Wasn’t his name something like Aaron Chello?

Back in December, I won a contest I hadn’t even entered. I was one of two winners actually, who were the I think 10,000th commenters over at Andra Watkins’ kickass blog The Accidental Cootchie Mama. Good thing Andra and I both live in the South, because my prize was a darling little bottle of her Aroncello. (I’m proofreading. I now have NO IDEA what living in the South has to do with ANYTHING, but the sentence stands as a testament to the weird things I say.)

 

FreshFromTheFreezer

Hi there cutie pie!

See it there? So adorable?

Andracello

Andracello

 

That’s Andra with her dashing beau, the enigmatically named MTM.

 

The instructions were very clear. Don’t drink it until Valentine’s day. Any sooner, and it will taste like medicine. Put it in the freezer where it will not freeze, and forget about it.

Yeah, I forget things sooo well.

I put it on the freezer door, and then I thought about it every time I opened my door for the next two months. Seriously. Every time. “How’s my Aroncello doing?” “Are you comfy down there?” “Let me just shake you up a little. In case, you know, you’re starting to feel cramped”.

I had plans for that little bottle. I was going to open it up on Valentines day, toast Scott, who would have his drink of choice (rum and coke) and we were going to then …  go right on working. God. What do you think married people have time for? Get your mind out of the gutter.

Sheesh.

Where was I?

Oh. VD.

What?

I said get your mind out of the gutter already.

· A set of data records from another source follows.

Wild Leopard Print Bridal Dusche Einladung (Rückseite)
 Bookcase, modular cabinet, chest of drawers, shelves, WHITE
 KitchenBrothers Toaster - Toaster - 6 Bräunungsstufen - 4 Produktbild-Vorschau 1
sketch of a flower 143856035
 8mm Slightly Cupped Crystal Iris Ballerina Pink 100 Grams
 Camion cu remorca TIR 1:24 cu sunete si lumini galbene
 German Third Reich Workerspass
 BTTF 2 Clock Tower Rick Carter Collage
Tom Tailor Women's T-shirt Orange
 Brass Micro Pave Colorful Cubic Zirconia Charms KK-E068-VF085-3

OK, Valentine’s day. There, that’s where I was. When Valentine’s day rolled around, I was two weeks into a month-long sinus infection that would take multiple rounds of antibiotics and one exploding sinus (don’t ask – blood was involved) to cure. All jokes about alcohol clearing up your nasal passages aside, I didn’t think my stomach could handle anything stronger than Diet Coke. It was actually pretty dubious about that.

So I looked sadly at my little bottle of aroncello and said, “Wait for me dear.”  And it did.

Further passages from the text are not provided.